#### Problem description
From the entries below, gather every line containing the string "Case".

:: Material provided

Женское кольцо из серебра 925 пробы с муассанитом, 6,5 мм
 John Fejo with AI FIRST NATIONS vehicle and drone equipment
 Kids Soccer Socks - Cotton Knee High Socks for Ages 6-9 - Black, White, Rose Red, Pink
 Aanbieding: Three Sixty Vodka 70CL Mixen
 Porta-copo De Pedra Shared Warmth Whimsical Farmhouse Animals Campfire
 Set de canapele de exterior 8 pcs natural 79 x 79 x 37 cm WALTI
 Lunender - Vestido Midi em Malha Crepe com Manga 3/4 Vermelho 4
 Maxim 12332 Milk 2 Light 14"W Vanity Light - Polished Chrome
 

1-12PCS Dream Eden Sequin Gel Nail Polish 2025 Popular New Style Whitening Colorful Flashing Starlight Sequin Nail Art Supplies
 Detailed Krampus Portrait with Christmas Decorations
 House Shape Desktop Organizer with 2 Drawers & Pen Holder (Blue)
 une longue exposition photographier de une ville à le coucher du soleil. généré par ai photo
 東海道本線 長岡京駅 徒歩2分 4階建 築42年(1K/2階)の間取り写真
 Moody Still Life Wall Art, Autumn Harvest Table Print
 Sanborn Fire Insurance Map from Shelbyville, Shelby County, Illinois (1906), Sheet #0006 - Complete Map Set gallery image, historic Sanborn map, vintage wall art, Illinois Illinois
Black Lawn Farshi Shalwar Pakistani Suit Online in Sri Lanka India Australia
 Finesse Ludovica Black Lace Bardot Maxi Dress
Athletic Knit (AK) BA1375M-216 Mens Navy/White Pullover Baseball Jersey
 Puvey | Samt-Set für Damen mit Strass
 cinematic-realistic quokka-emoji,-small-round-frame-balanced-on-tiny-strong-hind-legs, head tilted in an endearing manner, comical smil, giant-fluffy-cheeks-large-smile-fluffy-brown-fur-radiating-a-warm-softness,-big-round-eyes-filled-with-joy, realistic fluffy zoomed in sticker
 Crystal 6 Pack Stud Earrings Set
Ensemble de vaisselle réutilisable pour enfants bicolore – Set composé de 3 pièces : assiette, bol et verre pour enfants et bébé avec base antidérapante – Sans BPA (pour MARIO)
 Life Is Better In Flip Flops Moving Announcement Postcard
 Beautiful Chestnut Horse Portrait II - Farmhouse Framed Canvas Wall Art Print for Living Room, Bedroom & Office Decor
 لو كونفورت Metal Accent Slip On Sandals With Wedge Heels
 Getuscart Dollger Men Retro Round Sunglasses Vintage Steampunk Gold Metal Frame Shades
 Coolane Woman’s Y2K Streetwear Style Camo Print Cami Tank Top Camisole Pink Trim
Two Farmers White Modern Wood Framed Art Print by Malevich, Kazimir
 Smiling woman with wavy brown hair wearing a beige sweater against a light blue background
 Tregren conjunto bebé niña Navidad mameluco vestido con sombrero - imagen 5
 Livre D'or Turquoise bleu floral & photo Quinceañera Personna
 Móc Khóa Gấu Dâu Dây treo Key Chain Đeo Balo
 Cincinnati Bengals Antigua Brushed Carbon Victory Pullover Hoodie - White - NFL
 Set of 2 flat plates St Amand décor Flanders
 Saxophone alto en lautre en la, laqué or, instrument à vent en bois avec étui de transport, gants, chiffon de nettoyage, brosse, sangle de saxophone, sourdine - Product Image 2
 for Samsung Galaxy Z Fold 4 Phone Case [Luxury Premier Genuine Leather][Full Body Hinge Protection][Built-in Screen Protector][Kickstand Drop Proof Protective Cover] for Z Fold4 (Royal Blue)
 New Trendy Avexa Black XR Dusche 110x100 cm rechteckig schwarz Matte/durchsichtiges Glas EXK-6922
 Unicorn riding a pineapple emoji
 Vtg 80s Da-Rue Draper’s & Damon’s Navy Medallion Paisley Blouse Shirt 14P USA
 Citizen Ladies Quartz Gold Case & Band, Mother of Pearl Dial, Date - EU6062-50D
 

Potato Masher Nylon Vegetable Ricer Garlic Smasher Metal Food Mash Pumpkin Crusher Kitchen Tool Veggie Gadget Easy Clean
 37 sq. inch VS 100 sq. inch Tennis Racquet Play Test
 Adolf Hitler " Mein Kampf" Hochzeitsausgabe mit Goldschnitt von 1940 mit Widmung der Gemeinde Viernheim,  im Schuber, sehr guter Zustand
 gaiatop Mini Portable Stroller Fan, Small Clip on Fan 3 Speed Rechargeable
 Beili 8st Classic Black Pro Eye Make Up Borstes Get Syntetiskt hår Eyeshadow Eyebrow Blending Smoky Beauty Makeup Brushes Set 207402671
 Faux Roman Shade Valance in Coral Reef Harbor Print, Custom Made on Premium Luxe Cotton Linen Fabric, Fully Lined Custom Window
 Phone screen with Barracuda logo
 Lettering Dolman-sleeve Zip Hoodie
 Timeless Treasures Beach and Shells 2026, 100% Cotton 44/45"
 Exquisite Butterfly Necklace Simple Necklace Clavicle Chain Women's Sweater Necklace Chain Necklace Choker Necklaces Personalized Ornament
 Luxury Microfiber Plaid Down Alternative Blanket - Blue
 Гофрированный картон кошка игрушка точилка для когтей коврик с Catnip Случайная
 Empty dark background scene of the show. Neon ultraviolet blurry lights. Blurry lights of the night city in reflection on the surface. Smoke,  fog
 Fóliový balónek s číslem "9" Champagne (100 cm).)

::::

#### Answer for this exercise
 for Samsung Galaxy Z Fold 4 Phone Case [Luxury Premier Genuine Leather][Full Body Hinge Protection][Built-in Screen Protector][Kickstand Drop Proof Protective Cover] for Z Fold4 (Royal Blue)
 Citizen Ladies Quartz Gold Case & Band, Mother of Pearl Dial, Date - EU6062-50D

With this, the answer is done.